Task material:
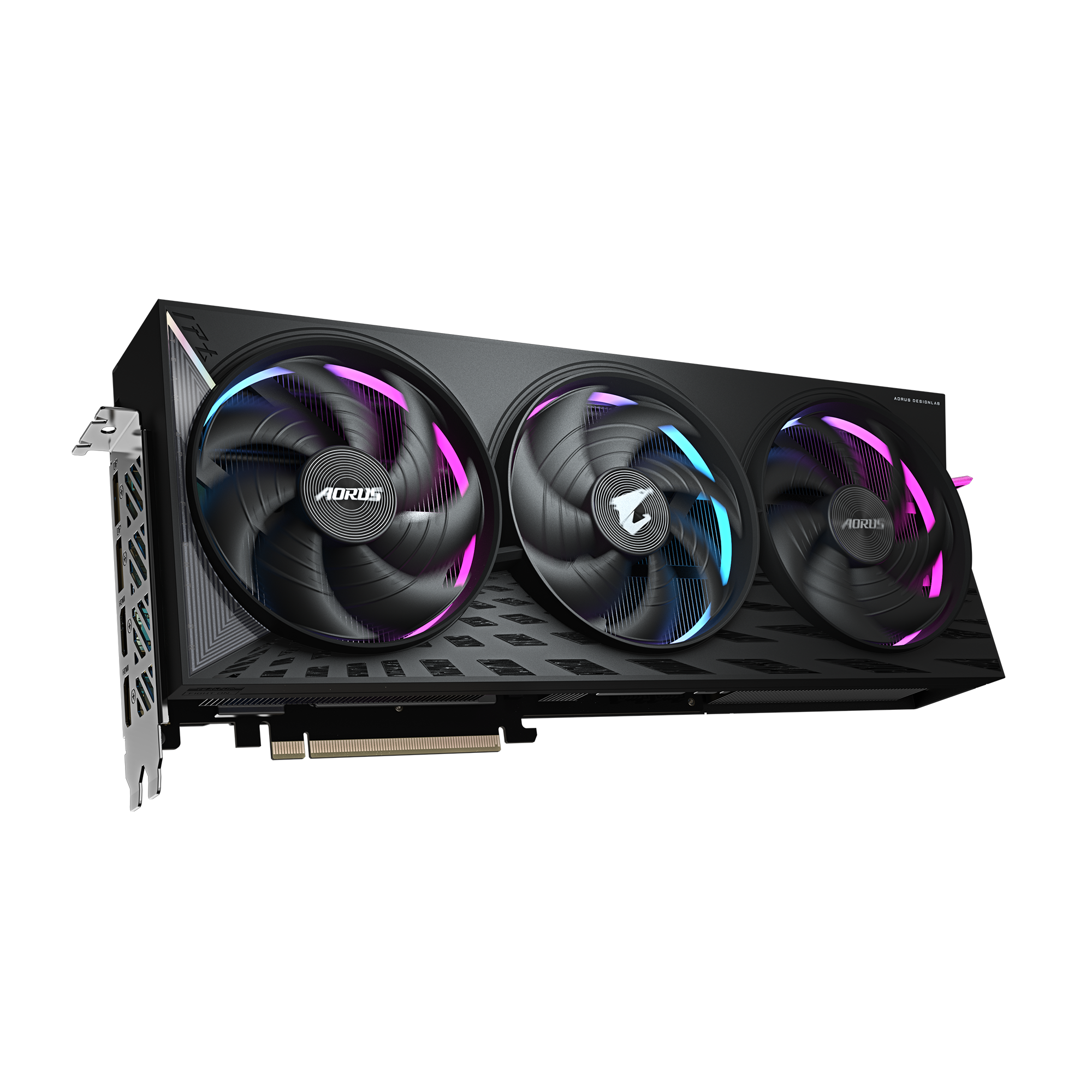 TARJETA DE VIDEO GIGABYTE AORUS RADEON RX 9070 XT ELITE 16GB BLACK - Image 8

--

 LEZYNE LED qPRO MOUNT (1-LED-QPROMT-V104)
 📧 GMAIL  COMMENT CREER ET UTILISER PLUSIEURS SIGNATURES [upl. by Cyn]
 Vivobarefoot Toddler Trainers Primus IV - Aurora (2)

What the exercise asks: From the records above, print only the lines between the one holding "[upl. by Cyn]" and the one holding "Vivobarefoot Toddler Trainers", inclusive, exactly as they stand.

Finished exercise:
 📧 GMAIL  COMMENT CREER ET UTILISER PLUSIEURS SIGNATURES [upl. by Cyn]
 Vivobarefoot Toddler Trainers Primus IV - Aurora (2)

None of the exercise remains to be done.